Amy Cappellazzo, an influential figure within the art market, will leave Sotheby’s, where she is currently chairman of the global fine arts division. Having been at the house for more than five years, she joined it in 2016, when the house acquired her firm, Art Agency, Partners, for $85 million.
With Cappellazzo’s departure expected for July, the house will reorganize its leadership. Brooke Lampley and Mari-Claudia Jiménez will now lead the global fine arts division, and Grégoire Billault, senior vice president at Sotheby’s, will become the house’s chairman of contemporary art.
A release from Sotheby’s announcing the shake-up did not say where Cappellazzo was headed next. In a statement, she said that she was departing to “pursue my own entrepreneurial path.”

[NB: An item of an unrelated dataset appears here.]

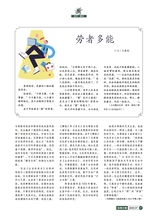 风流一代·经典文摘2025年7月第7期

“I’m confident that Sotheby’s is in a strong position as it embarks on the next chapter of its expansion and success,” her statement reads.

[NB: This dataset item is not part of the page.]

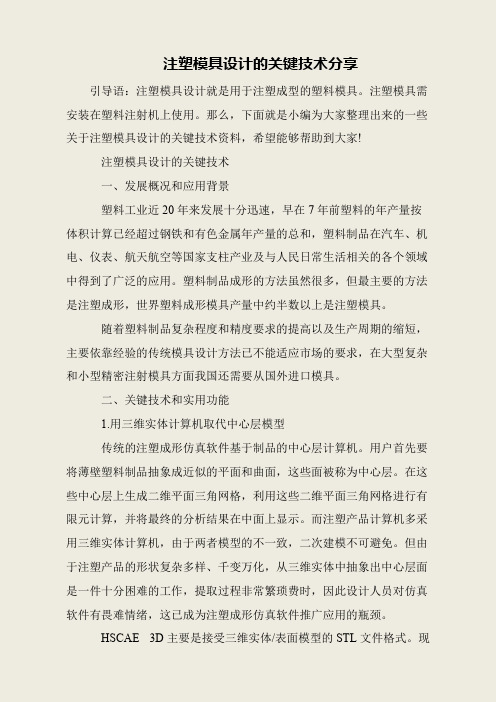 注塑模具设计的关键技术分享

Cappellazzo cofounded her firm Art Agency, Partners with Allan Schwartzmann in 2014. She came to the house during a particularly turbulent period, and with a focus on private sales, she has aided in making top-dollar transactions with major collectors like Dan Loeb and Alice Walton.
She got her start as director of Rubell Collection in Miami in the 1990s, rose to the status of a market celebrity when she helped launch Art Basel Miami Beach in 2002, and went on to work for Christie’s for 13 years prior to forming her firm in 2014. In 2019, as part of a restructuring, she was named head of the global fine arts division, whose focus ranges from Old Masters to prints and photographs. Because she is one of the few women working at the top of the art market, she has become a cult figure both within the art world and beyond it, with Crain’s New York naming her one of the most powerful women in 2019.
In a statement, Sotheby’s CEO Charles F. Stewart said, “I would like [to] thank Amy for her significant contributions to Sotheby’s over the last five and a half years and I am personally grateful for the unconditional support she has given me since my arrival two years ago. I wish her well as she pursues her next entrepreneurial endeavor.”